# Task prompt
Your response to the data below should hold nothing except the lines from the one containing "Reinab, from your" down to the one containing "Phosphorus tends to", reproduced exactly and without pictures.

The data below:

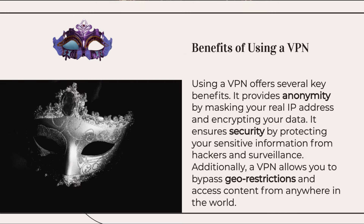Using a VPN offers several key benefits. It provides anonymity by masking your real IP address and encrypting your data. It ensures security by protecting your sensitive information from hackers and surveillance. Additionally, a VPN allows you to bypass geo-restrictions and access content from anywhere in the world.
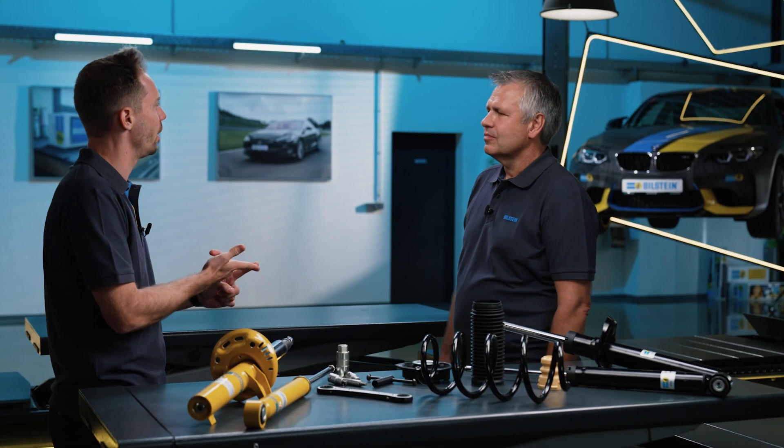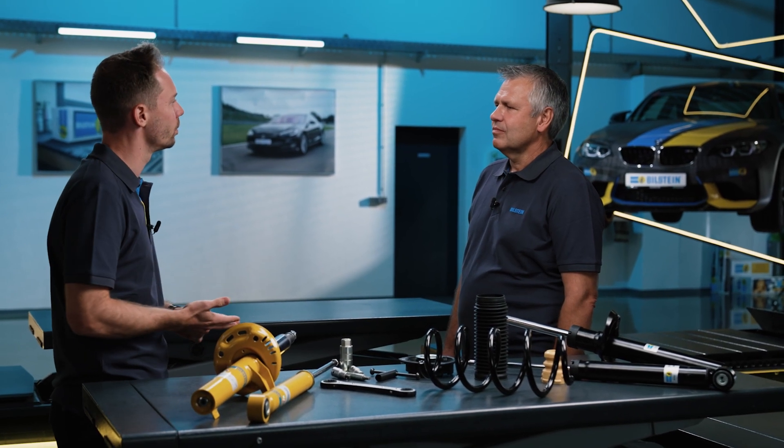Reinab, from your experience, what does it mean for everyone involved when mistakes are made when installing shock absorbers and springs — for the workshop, the mechanic, but of course also for the customer?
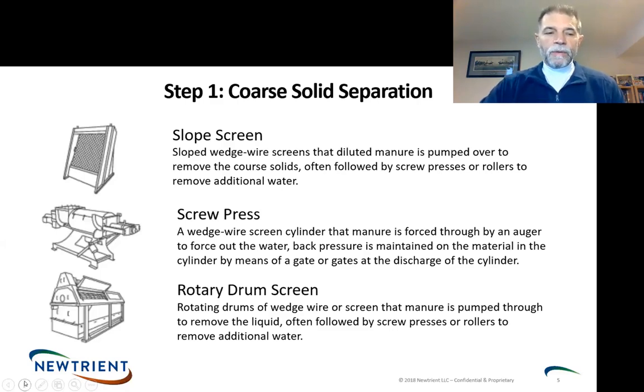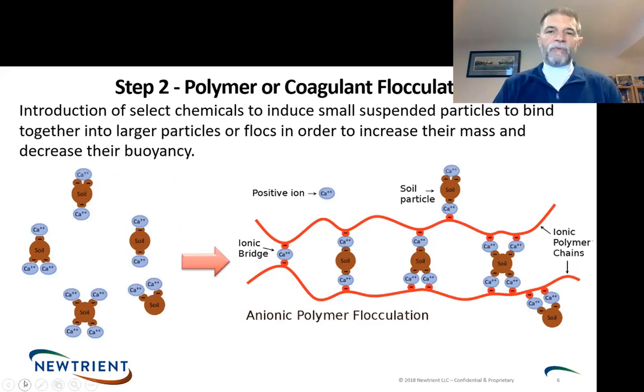Phosphorus tends to follow the smallest solid, so you get some phosphorus removal at the coarse-solid stage, but not very much. As we move on, I'll talk about what happens when we add the polymer. Soil particles have a little charge but are nearly neutral in the water. If you took flush manure and put it in a jar, it would take a week to get any discernible settling. We use a long-chain ionic polymer with a negative charge to bring these soil particles together. That flocculation allows us to bring the pieces together and either move them up or down.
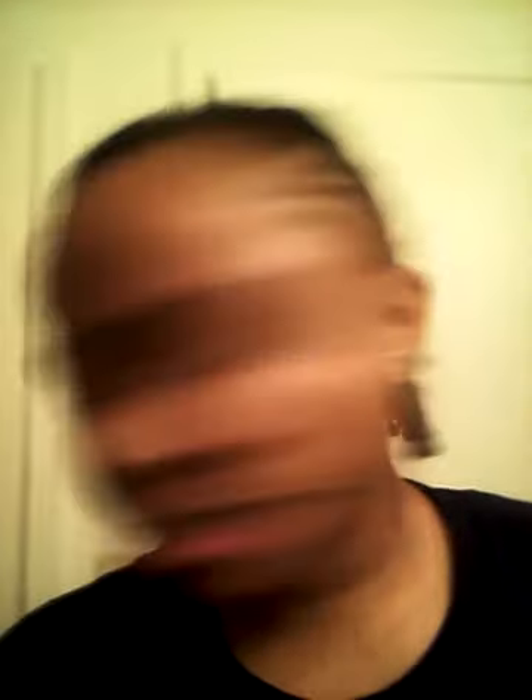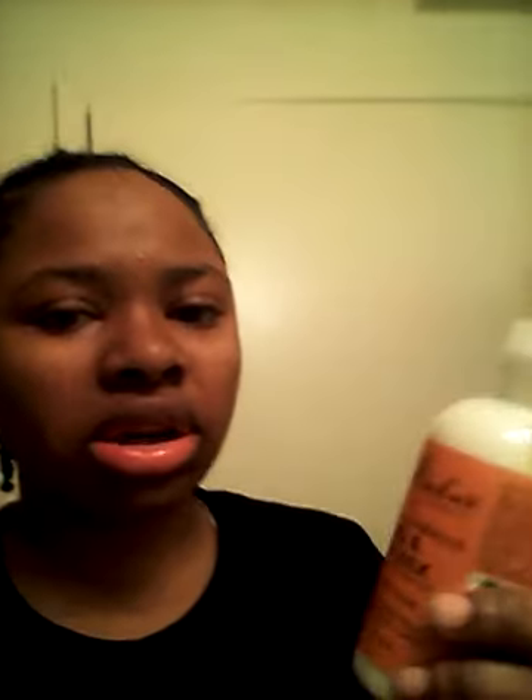Let me show y'all what I'll be doing. I'm going to show y'all what I'm using. I switched up the hair products a little bit and I went back to the Shea Moisture. I went to the cocoa and the hibiscus.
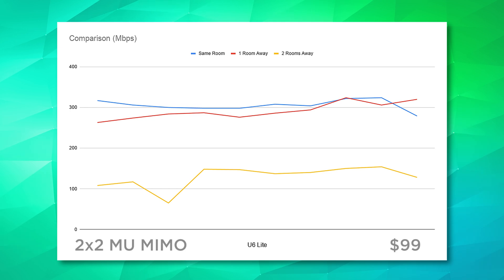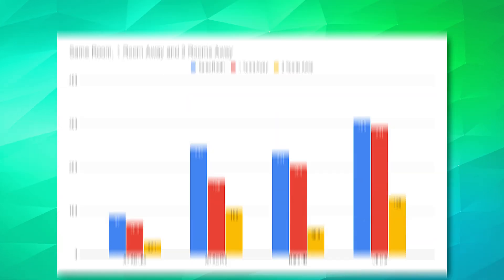Now for the main event — the U6 Lite. It beats every other access point in the same-room test with an average throughput of 306 megabits per second. Moving one room away it still averages 291 megabits per second — the closest numbers I've seen between test distances. Two rooms away speeds drop to 129 megabits per second, which is still really impressive performance. Here are all of the performance averages.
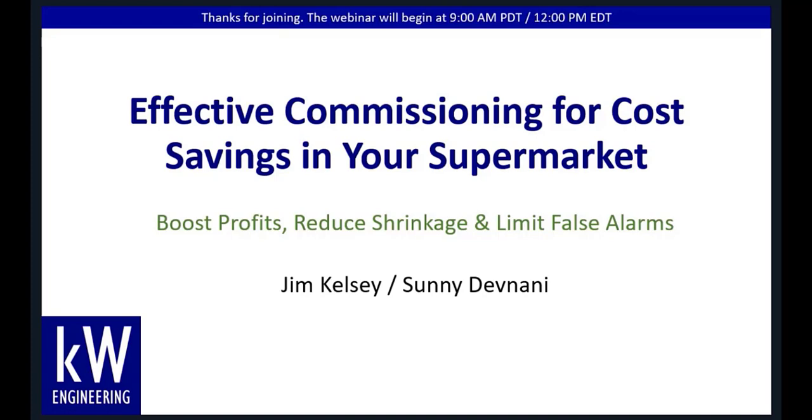Good morning or good afternoon, depending on where you are. This is Jim Kelsey, president of KW Engineering, and thanks for joining our webinar today on Effective Commissioning for Cost Savings in Your Supermarket.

End of The data.

# Expected output
Reinab, from your experience, what does it mean for everyone involved when mistakes are made when installing shock absorbers and springs — for the workshop, the mechanic, but of course also for the customer?
Phosphorus tends to follow the smallest solid, so you get some phosphorus removal at the coarse-solid stage, but not very much. As we move on, I'll talk about what happens when we add the polymer. Soil particles have a little charge but are nearly neutral in the water. If you took flush manure and put it in a jar, it would take a week to get any discernible settling. We use a long-chain ionic polymer with a negative charge to bring these soil particles together. That flocculation allows us to bring the pieces together and either move them up or down.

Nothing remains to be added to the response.